There’s a whole lot of Dungeons and Dragons in the original Adventure. Its environs may be based on Kentucky’s Colossal Cave, but the central premise of exploring and looting an underground environment filled with strange dangers and treasure has as much to do with D&D as it does with caving. Even some of the ways in which that environment is presented are strikingly similar. A typical D&D dungeon was, like Adventure‘s, divided into a series of discrete, self-contained rooms. Here’s one of the maps that accompany Temple of the Frog, the first published D&D “adventure module,” which appeared as part of the second D&D supplement, Blackmoor, in 1975:
And here’s the description of a couple of these numbered rooms:
Room 3: Is the headquarters of the traders sent out to sell the junk and is also the office of the chief of accounting. Hidden in this desk are 600 pieces of platinum that he has embezzled. (The High Priest knows about this but does not seem to care.)
Room 4: Is the office of the Commander of the palace guard where he goes to run the security arrangements in the Temple. Within are the master alarms for the palace, so that the exact location of trouble can be registered and personnel sent to counter the intrusion. From here he can communicate, via a desk communicator, with other officers and sergeants under his command. There is always an officer and two sergeants on duty in this room and only the rings worn by the High Priest Commander of the Guard or the Chief Keeper will gain admittance. (No one is aware that the latter has such a privilege, and it has not been used for many years.)
Later D&D adventures made this similarity with the IF room even more obvious by including a boxed text with every room that the DM should read to the players upon their first entering, just like the ubiquitous IF room description. At least under all but a very skilled DM, the rooms of a D&D dungeon tended to feel oddly separate from one another, each its own little self-contained universe just like in a text adventure; many was the party that fought a pitched battle with a group of monsters, then, upon finally vanquishing them, stumbled upon some more still slumbering peacefully in the next room just as the room description said they should be, undisturbed by the carnage that just took place next door. Speaking of combat, the heart of most D&D adventures, Adventure even had a modicum of that as well, in the form of the annoying little dwarfs that harried the player until they were all dispatched.
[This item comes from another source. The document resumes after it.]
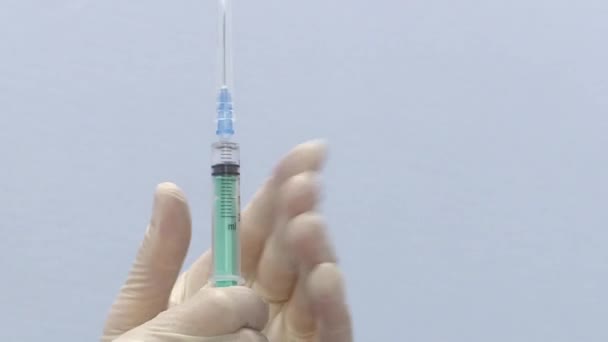 Förberedelse av en medicinsk spruta för injektion. Hälsa och medicinska begrepp. — Stockvideo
For all these similarities and for all the acknowledged influence that his experiences as a D&D player had on Crowther’s original work, though, virtually no one refers to Adventure or its many antecedents as computer RPGs. What gives? One thing we might take note of is that Crowther made no real attempt to translate the actual D&D rules into his computer game. He took inspiration from some of its themes and ideas, but then went his own way, whereas the mechanical debt that the family of games I now want to begin to cover owed to D&D was as important as the thematic debt. Just leaving it at that seems a bit unsatisfying, though. Maybe we can do a little bit better, and in the process come up with something that might be useful in a broader context.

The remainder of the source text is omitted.